** GOAL OF THE EXERCISE **
Please give the data again in full, exactly as provided.

(DATASET EXTRACT begins)

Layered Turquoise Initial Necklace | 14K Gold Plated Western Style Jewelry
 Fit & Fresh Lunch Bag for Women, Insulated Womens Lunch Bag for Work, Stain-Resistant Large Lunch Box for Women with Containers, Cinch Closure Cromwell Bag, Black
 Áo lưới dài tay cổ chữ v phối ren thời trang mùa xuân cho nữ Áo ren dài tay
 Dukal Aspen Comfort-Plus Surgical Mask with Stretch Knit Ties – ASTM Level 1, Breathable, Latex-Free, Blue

(DATASET EXTRACT ends)

** ANSWER TO THIS TASK **
Layered Turquoise Initial Necklace | 14K Gold Plated Western Style Jewelry
 Fit & Fresh Lunch Bag for Women, Insulated Womens Lunch Bag for Work, Stain-Resistant Large Lunch Box for Women with Containers, Cinch Closure Cromwell Bag, Black
 Áo lưới dài tay cổ chữ v phối ren thời trang mùa xuân cho nữ Áo ren dài tay
 Dukal Aspen Comfort-Plus Surgical Mask with Stretch Knit Ties – ASTM Level 1, Breathable, Latex-Free, Blue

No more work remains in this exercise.